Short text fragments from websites
----------------

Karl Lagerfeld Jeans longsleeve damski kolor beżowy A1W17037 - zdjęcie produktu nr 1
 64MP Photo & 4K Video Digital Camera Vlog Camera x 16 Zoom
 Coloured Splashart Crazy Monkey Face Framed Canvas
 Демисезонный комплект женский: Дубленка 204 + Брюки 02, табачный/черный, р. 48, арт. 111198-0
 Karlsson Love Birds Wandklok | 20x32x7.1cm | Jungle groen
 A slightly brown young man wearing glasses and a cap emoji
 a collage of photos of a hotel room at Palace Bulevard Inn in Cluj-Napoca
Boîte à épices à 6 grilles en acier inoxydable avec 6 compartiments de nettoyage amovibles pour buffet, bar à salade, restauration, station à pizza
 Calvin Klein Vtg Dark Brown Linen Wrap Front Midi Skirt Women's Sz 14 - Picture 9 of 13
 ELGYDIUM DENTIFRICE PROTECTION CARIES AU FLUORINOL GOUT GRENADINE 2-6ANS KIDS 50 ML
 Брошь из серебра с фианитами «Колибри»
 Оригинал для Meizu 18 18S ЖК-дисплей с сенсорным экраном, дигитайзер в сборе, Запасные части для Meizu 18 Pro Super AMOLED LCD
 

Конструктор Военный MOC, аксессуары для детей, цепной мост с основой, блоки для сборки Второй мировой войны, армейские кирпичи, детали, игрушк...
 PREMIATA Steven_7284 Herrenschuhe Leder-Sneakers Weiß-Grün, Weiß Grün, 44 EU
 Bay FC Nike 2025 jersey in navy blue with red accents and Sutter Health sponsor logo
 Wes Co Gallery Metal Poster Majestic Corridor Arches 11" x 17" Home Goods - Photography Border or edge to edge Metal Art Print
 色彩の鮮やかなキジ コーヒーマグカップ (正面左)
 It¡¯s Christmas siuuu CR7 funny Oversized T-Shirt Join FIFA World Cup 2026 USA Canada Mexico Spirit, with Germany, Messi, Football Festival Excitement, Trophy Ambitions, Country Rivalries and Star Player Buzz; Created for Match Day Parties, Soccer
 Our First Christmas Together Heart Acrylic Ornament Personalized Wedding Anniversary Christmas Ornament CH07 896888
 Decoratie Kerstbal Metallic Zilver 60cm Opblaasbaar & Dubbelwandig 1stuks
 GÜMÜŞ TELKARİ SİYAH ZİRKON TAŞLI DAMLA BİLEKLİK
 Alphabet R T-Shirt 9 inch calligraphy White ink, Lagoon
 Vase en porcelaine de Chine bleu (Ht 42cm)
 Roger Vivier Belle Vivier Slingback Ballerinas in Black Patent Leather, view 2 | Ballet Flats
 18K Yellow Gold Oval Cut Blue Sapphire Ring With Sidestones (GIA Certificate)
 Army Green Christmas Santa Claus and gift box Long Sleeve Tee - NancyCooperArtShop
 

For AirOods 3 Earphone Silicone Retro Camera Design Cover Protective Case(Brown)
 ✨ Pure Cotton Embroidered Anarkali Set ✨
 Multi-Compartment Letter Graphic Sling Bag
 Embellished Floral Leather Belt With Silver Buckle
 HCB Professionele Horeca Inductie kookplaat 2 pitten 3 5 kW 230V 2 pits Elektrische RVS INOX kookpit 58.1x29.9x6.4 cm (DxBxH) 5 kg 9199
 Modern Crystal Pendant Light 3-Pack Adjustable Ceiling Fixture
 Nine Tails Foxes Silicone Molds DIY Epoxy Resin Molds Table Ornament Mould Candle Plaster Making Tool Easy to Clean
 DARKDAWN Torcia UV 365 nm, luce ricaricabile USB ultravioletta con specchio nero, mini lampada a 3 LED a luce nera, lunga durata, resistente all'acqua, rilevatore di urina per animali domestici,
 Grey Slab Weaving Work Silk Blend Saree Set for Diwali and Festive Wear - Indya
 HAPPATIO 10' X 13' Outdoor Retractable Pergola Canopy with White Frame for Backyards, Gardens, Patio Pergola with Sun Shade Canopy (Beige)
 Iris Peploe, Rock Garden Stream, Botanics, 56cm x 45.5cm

----------------

Problem statement
All entries are to be copied exactly as they read.

Answer
Karl Lagerfeld Jeans longsleeve damski kolor beżowy A1W17037 - zdjęcie produktu nr 1
 64MP Photo & 4K Video Digital Camera Vlog Camera x 16 Zoom
 Coloured Splashart Crazy Monkey Face Framed Canvas
 Демисезонный комплект женский: Дубленка 204 + Брюки 02, табачный/черный, р. 48, арт. 111198-0
 Karlsson Love Birds Wandklok | 20x32x7.1cm | Jungle groen
 A slightly brown young man wearing glasses and a cap emoji
 a collage of photos of a hotel room at Palace Bulevard Inn in Cluj-Napoca
Boîte à épices à 6 grilles en acier inoxydable avec 6 compartiments de nettoyage amovibles pour buffet, bar à salade, restauration, station à pizza
 Calvin Klein Vtg Dark Brown Linen Wrap Front Midi Skirt Women's Sz 14 - Picture 9 of 13
 ELGYDIUM DENTIFRICE PROTECTION CARIES AU FLUORINOL GOUT GRENADINE 2-6ANS KIDS 50 ML
 Брошь из серебра с фианитами «Колибри»
 Оригинал для Meizu 18 18S ЖК-дисплей с сенсорным экраном, дигитайзер в сборе, Запасные части для Meizu 18 Pro Super AMOLED LCD
 

Конструктор Военный MOC, аксессуары для детей, цепной мост с основой, блоки для сборки Второй мировой войны, армейские кирпичи, детали, игрушк...
 PREMIATA Steven_7284 Herrenschuhe Leder-Sneakers Weiß-Grün, Weiß Grün, 44 EU
 Bay FC Nike 2025 jersey in navy blue with red accents and Sutter Health sponsor logo
 Wes Co Gallery Metal Poster Majestic Corridor Arches 11" x 17" Home Goods - Photography Border or edge to edge Metal Art Print
 色彩の鮮やかなキジ コーヒーマグカップ (正面左)
 It¡¯s Christmas siuuu CR7 funny Oversized T-Shirt Join FIFA World Cup 2026 USA Canada Mexico Spirit, with Germany, Messi, Football Festival Excitement, Trophy Ambitions, Country Rivalries and Star Player Buzz; Created for Match Day Parties, Soccer
 Our First Christmas Together Heart Acrylic Ornament Personalized Wedding Anniversary Christmas Ornament CH07 896888
 Decoratie Kerstbal Metallic Zilver 60cm Opblaasbaar & Dubbelwandig 1stuks
 GÜMÜŞ TELKARİ SİYAH ZİRKON TAŞLI DAMLA BİLEKLİK
 Alphabet R T-Shirt 9 inch calligraphy White ink, Lagoon
 Vase en porcelaine de Chine bleu (Ht 42cm)
 Roger Vivier Belle Vivier Slingback Ballerinas in Black Patent Leather, view 2 | Ballet Flats
 18K Yellow Gold Oval Cut Blue Sapphire Ring With Sidestones (GIA Certificate)
 Army Green Christmas Santa Claus and gift box Long Sleeve Tee - NancyCooperArtShop
 

For AirOods 3 Earphone Silicone Retro Camera Design Cover Protective Case(Brown)
 ✨ Pure Cotton Embroidered Anarkali Set ✨
 Multi-Compartment Letter Graphic Sling Bag
 Embellished Floral Leather Belt With Silver Buckle
 HCB Professionele Horeca Inductie kookplaat 2 pitten 3 5 kW 230V 2 pits Elektrische RVS INOX kookpit 58.1x29.9x6.4 cm (DxBxH) 5 kg 9199
 Modern Crystal Pendant Light 3-Pack Adjustable Ceiling Fixture
 Nine Tails Foxes Silicone Molds DIY Epoxy Resin Molds Table Ornament Mould Candle Plaster Making Tool Easy to Clean
 DARKDAWN Torcia UV 365 nm, luce ricaricabile USB ultravioletta con specchio nero, mini lampada a 3 LED a luce nera, lunga durata, resistente all'acqua, rilevatore di urina per animali domestici,
 Grey Slab Weaving Work Silk Blend Saree Set for Diwali and Festive Wear - Indya
 HAPPATIO 10' X 13' Outdoor Retractable Pergola Canopy with White Frame for Backyards, Gardens, Patio Pergola with Sun Shade Canopy (Beige)
 Iris Peploe, Rock Garden Stream, Botanics, 56cm x 45.5cm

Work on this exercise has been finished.